§ **ASSIGNED TASK**: Nothing but the pictures should be dropped when the records are transcribed word for word.
*** Opening of GIVEN INFORMATION ***
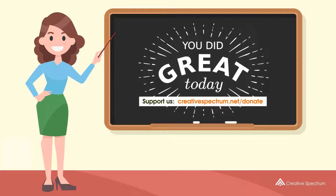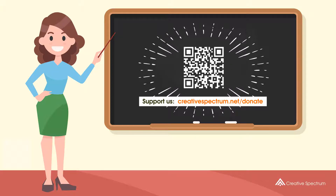Consider subscribing if you like our videos. You can also support us so that we can keep making educational content. Feel free to visit the donation link to our website.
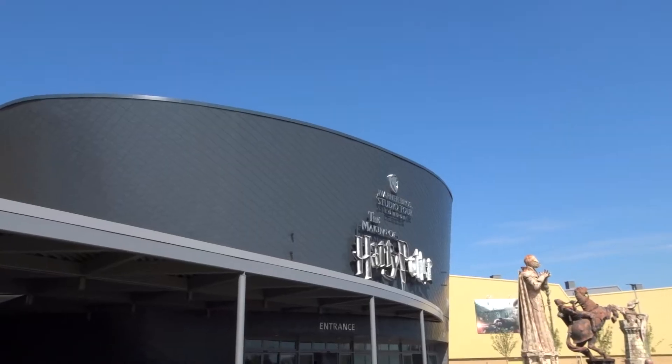Wow, it's a lovely sunny day. It's a shame I'm going to be spending most of it indoors in this place. That's right, we've come back to the Harry Potter Studio Tours.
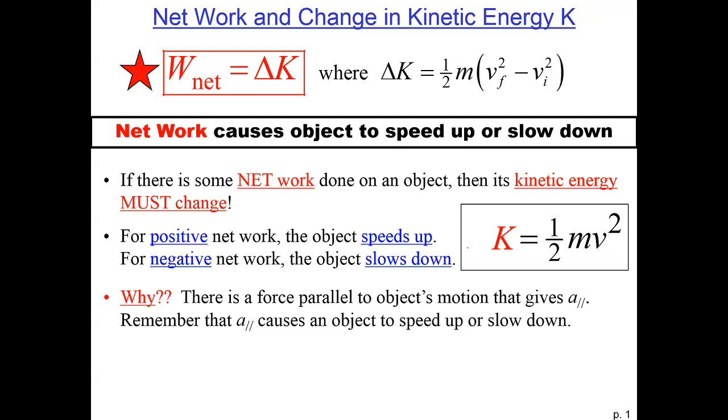At this point, we've established that when the net work done on an object is positive, then the speed of the object increases, and if the net work done on an object is negative, then it slows down. This is useful, but we would like a more quantitative explanation of how doing work affects the speed of an object.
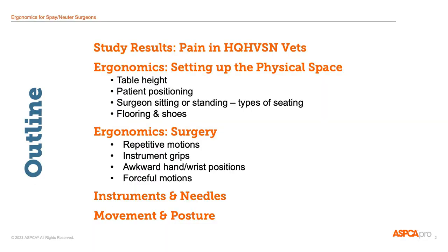Thanks, everyone, for taking time out of your day to hear about ergonomics for spay and neuter vets. Here's an outline of today's presentation. We'll start by talking about data on discomfort in spay and neuter vets, and next we'll cover ergonomics and setting up the physical space in surgery, and then we'll move on to ergonomics in the manual path of surgery.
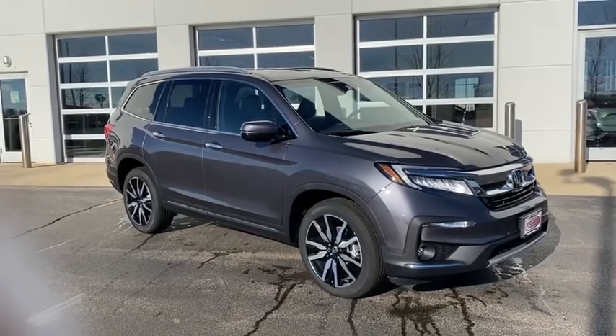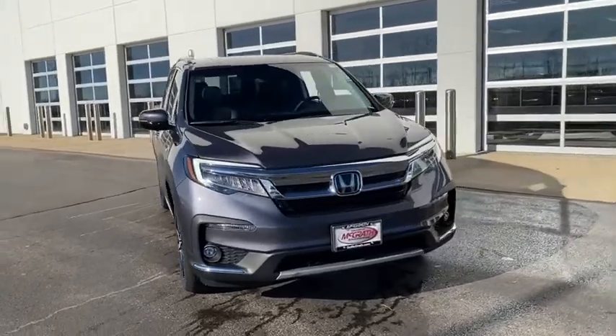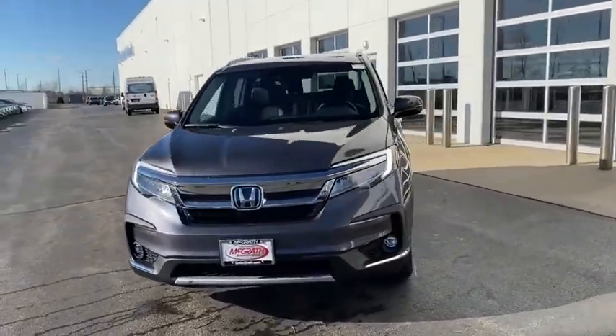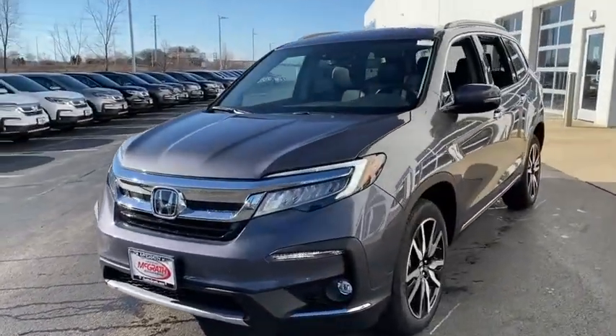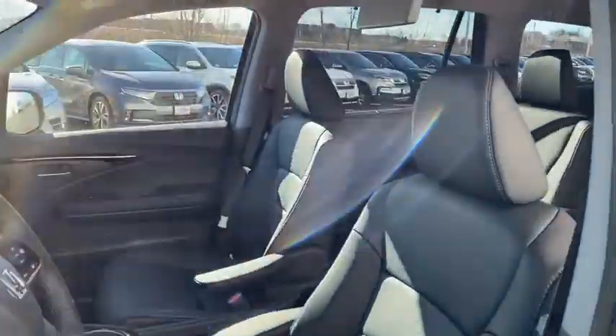Stop by and take a look at the 2021 Honda Pilot — optimal utility, indulgent interior, powerful performer. You'll be ready for almost anything in the Honda Pilot. Here are some of this vehicle's great options.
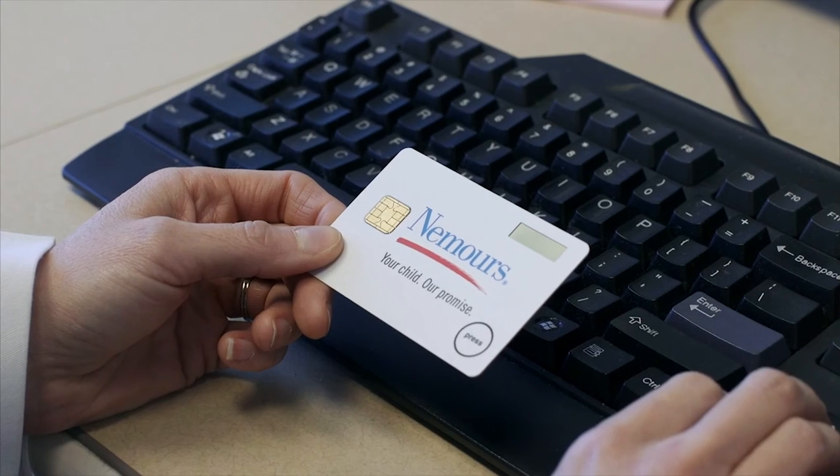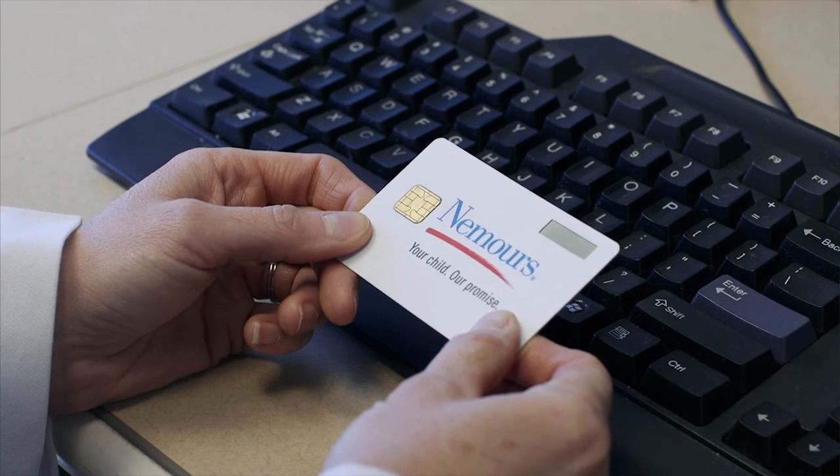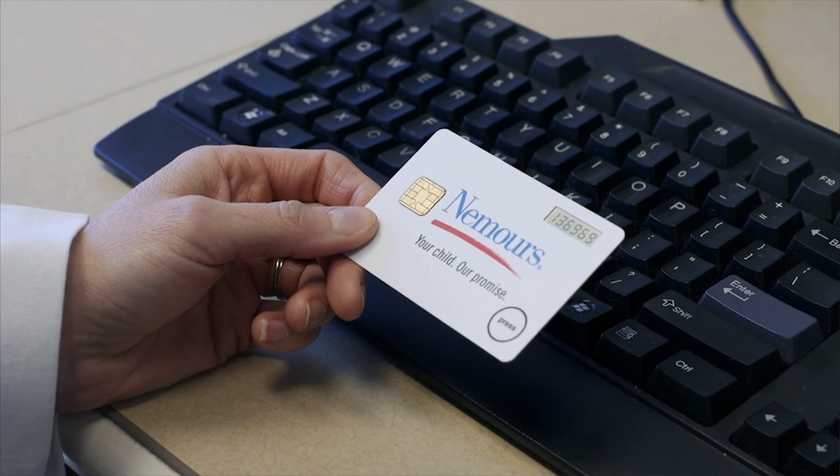The card is a digital card that has a one-time unique privacy code that you can use when entering your electronic prescription into the electronic medical record and sending it to the pharmacy.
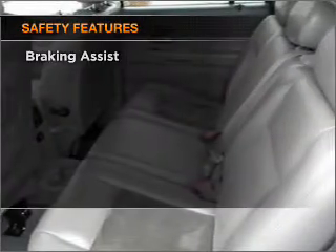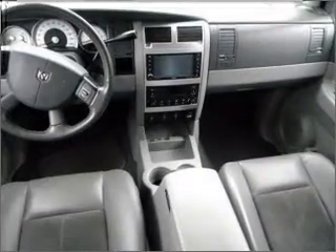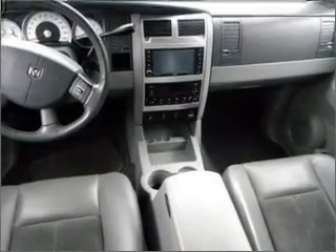And for your peace of mind, the following safety equipment is included: front ventilated disc brakes, passenger airbag, curtain head airbags, and stability control.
*** Close of GIVEN INFORMATION ***
§ **RESPONSE**:
Consider subscribing if you like our videos. You can also support us so that we can keep making educational content. Feel free to visit the donation link to our website.
Wow, it's a lovely sunny day. It's a shame I'm going to be spending most of it indoors in this place. That's right, we've come back to the Harry Potter Studio Tours.
At this point, we've established that when the net work done on an object is positive, then the speed of the object increases, and if the net work done on an object is negative, then it slows down. This is useful, but we would like a more quantitative explanation of how doing work affects the speed of an object.
Thanks, everyone, for taking time out of your day to hear about ergonomics for spay and neuter vets. Here's an outline of today's presentation. We'll start by talking about data on discomfort in spay and neuter vets, and next we'll cover ergonomics and setting up the physical space in surgery, and then we'll move on to ergonomics in the manual path of surgery.
Stop by and take a look at the 2021 Honda Pilot — optimal utility, indulgent interior, powerful performer. You'll be ready for almost anything in the Honda Pilot. Here are some of this vehicle's great options.
The card is a digital card that has a one-time unique privacy code that you can use when entering your electronic prescription into the electronic medical record and sending it to the pharmacy.
And for your peace of mind, the following safety equipment is included: front ventilated disc brakes, passenger airbag, curtain head airbags, and stability control.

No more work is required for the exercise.